Currently, the Tigers rank 5th in wOBA (.339), 6th in OBP (.343), 5th in WAR (12.6), 8th in SLG (.424), 1st in BB/K (0.66)
Their position players can clearly hit, but they have had trouble getting runs across the plate. Despite ranking in the top third in all of these important offensive statistics, they rank 18th in runs scored in the majors and 9th in the AL. They have some very respectable hitters in Miguel Cabrera, who is having an MVP-type season, Magglio Ordonez, and Johnny Damon.

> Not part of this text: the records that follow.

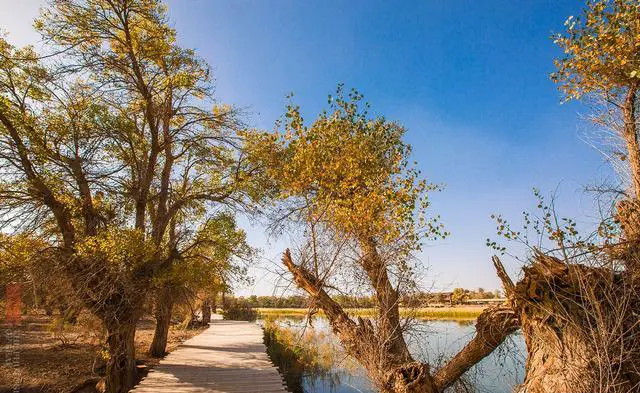 去新疆旅行多少天比较合适？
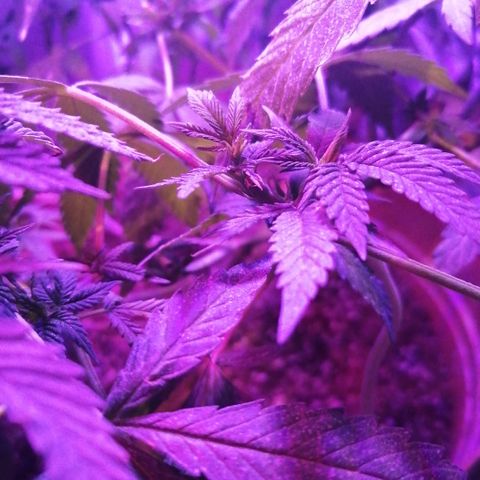 Error 404 growlog timeline photo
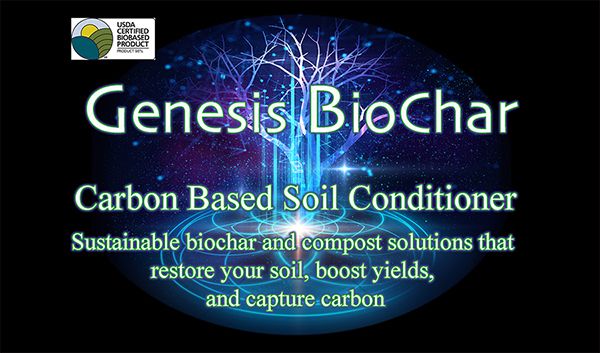 Biochar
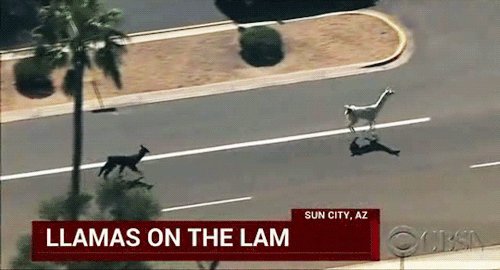 freakinmilkonthatshizz: llamas gone wild
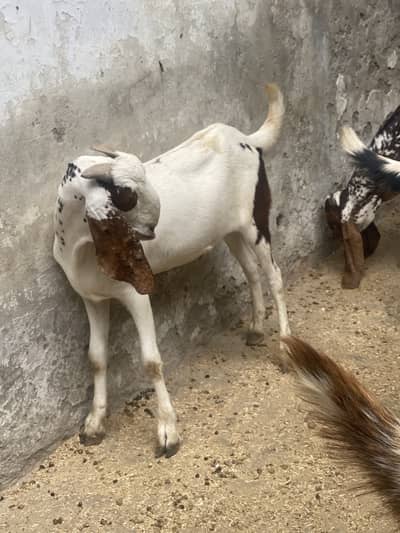 2 Teeth 4 teeth goats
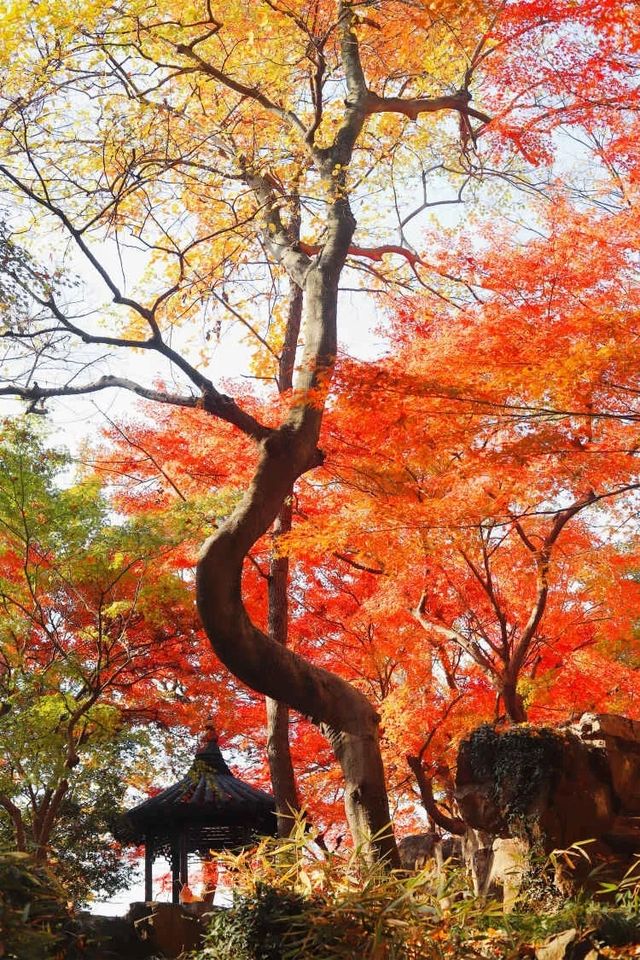 光影園林|與秋同肅！留園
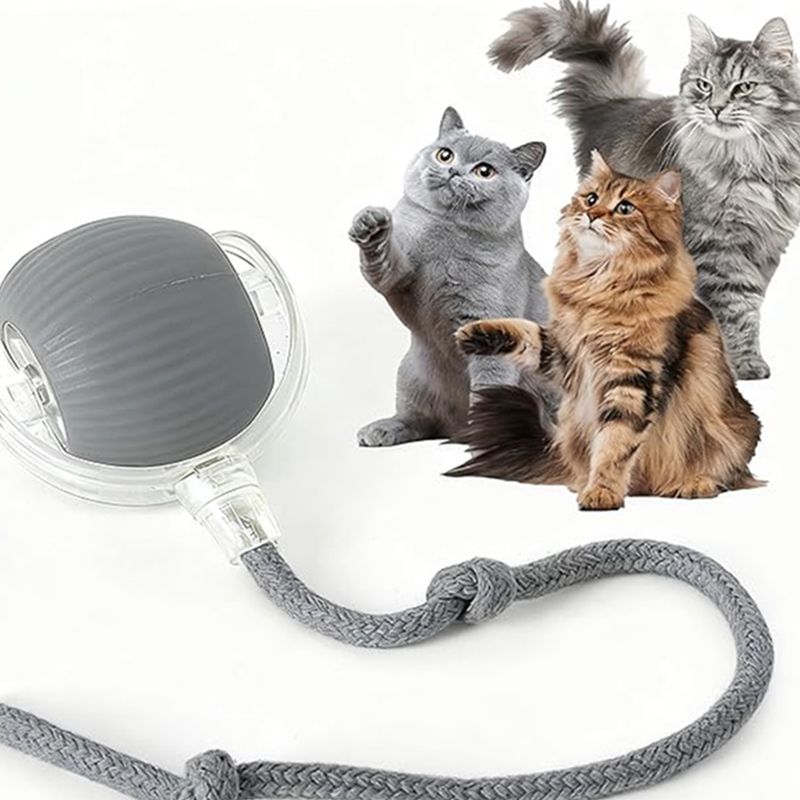 Kitten Rechargeable Smart Pet Electric Toys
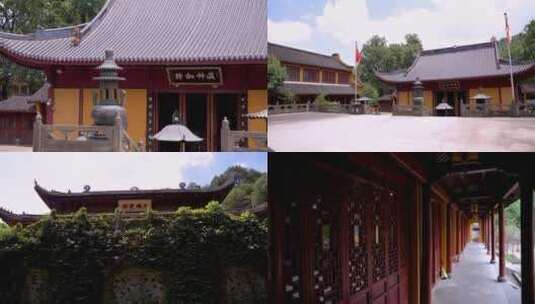 杭州西湖中天竺寺法净寺江南寺庙4K视频合集高清在线视频素材下载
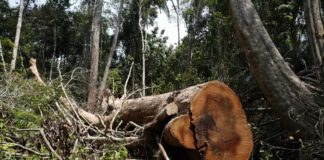 México: Tala ilegal de arboles bajo el cargo de bandas criminales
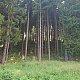 Nojby na vrcholu Dřevařský vrch (10.7.2021 16:12)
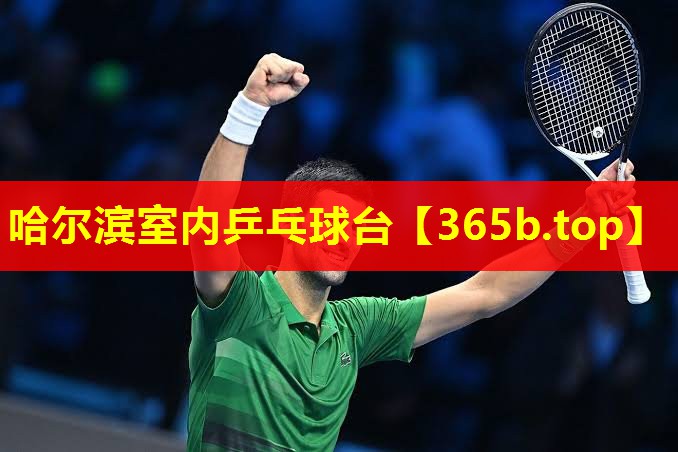 哈尔滨室内乒乓球台 哈尔滨室内乒乓球台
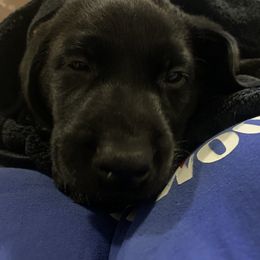 Labrador Retriever Puppies from Cary’s Buck Creek Retrievers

Cabrera and Ordonez both have wOBA's over .400, as does rookie Brennan Boesch who currently leads the team with a .441 mark.
Many consider Boesch the front-runner for Rookie of the Year award in the AL if he continues his current pace. The problem is that he likely won't. His 20% K rate and BABIP of .384 point to a regression. Add that to the fact that his career minor league OPS was .753 and you get a player that is clearly playing over his head.
The Tigers Bullpen:
Both Joel Zumaya and Jose Valverde have had all-star caliber seasons. Zumaya and Valverde currently have ERA's of 1.98 and 0.57 respectively. They strike out a bit below a batter per inning and have combined for 18 saves with just 2 blown this year. Eddie Bonine and Phil Coke have been effective middle relievers, both posting ERA's at-or-below 3.00, but neither have overly impressive stuff. Bonine has a poor K/BB ratio of 18/12 and Coke has an absurdly low 2.5% HR/FB rate.
Number of the series: 60
The Braves are still leading the NL in run differential at +60. As they head home and attempt to better their already impressive home record of 24-7, it will be important to increase this differential as well as their lead over both the Mets and Phillies. The Phillies are just 2.5 games back and have won 3 straight while the Braves have lost their past 3. This isn't a trend that can continue if they want to hold on to first place, obviously. With nine games at home against the Tigers, Nationals, and Marlins, a record of 6-3 is attainable.
The consecutive series streak has come to a close, but a new one has started. While no where near as impressive, since announcing he was leaning towards retirement Chipper Jones has hit in 8 consecutive games. He is batting .380 with 3 walks, 3 extra base hits, and 2 steals over that time span. Chipper's average is now at .250 and is moving in the right direction for the first time this year. Chipper staying hot and the rest of the offense coming back to life will be vital over the next few games as we only have the clear pitching advantage in tonight's contest.